Caffeine is widely used, found in drinks such as coffee, tea and sodas, as well as a variety of foods and drugs. How the U.S. Food and Drug Administration (FDA) treats a product with caffeine in it depends on whether or not the product is categorized as a food or a drug. The laws surrounding caffeine and the FDA's regulation of caffeine products is complicated.
Caffeine in Food
Caffeine, when categorized as a food, is fit for human consumption and is generally recognized as safe. Under 21 Code of Federal Regulations section 182.1180, the federal government states that caffeine is generally recognized as safe as used in cola or soft-drink products and when it is used in accordance with proper manufacturing processes. Safe substances do not require any FDA approval as long as they fall within the safe levels dictated by the statute.
The federal regulations governing the use of caffeine also establish a "tolerance" that applies when manufacturers want to add caffeine to a product. In fact, 21 Code of Federal Regulations section 182.1180(b) states that caffeine's tolerance is .02 percent. This means that any product manufactured with caffeine must have .02 percent or less of the substance in the product to be considered safe. For example, a 12 oz drink can have 68 mg of caffeine and still meet the .02 percent limit.
Caffeine as a Drug
When caffeine is used as a drug, such as in a diet pill or other product, the FDA has a strict approval process through which a manufacturer must proceed before the drug is approved for sale in the United States. The FDA approval process requires the manufacturer to show that the drug is fit for human consumption. When approved as a drug, the manufacturer must include labeling information that reveals exactly how much caffeine is in the product.

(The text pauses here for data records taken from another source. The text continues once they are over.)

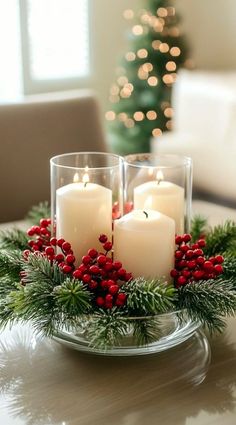 three candles are sitting in a glass bowl with holly and red berries on the rim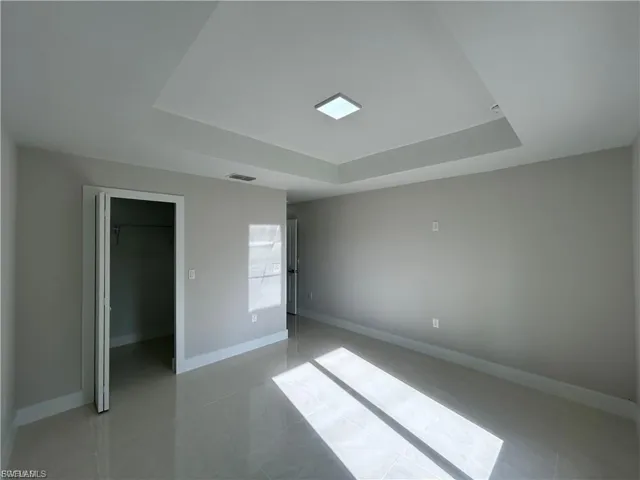 Unfurnished bedroom with a tray ceiling, a walk in closet, and light tile patterned floors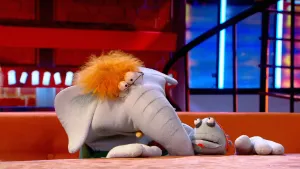 Foto van scène uit de Boterhamshow met Olivier Olifant en Lex Goudvis (twee stoffen poppen), aan tafel.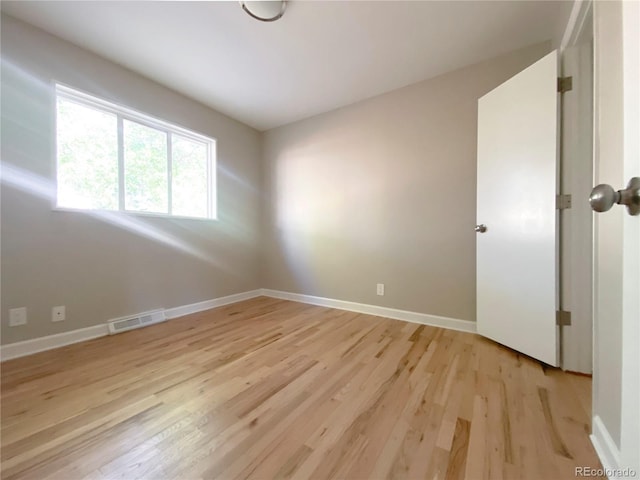 spare room with light hardwood / wood-style flooring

Federal law also allows manufacturers to produce "dietary supplements" that may contain caffeine. The FDA is responsible for overseeing dietary supplements, but manufacturers do not need to get FDA approval for such products. Supplement manufacturers merely have to ensure that their products are not harmful before they can sell them. Because the FDA allows manufacturers to include "botanicals," or plants, in supplements, and many plants naturally contain caffeine, many dietary supplements also contain caffeine even if it is not included on the label, according to Science Daily.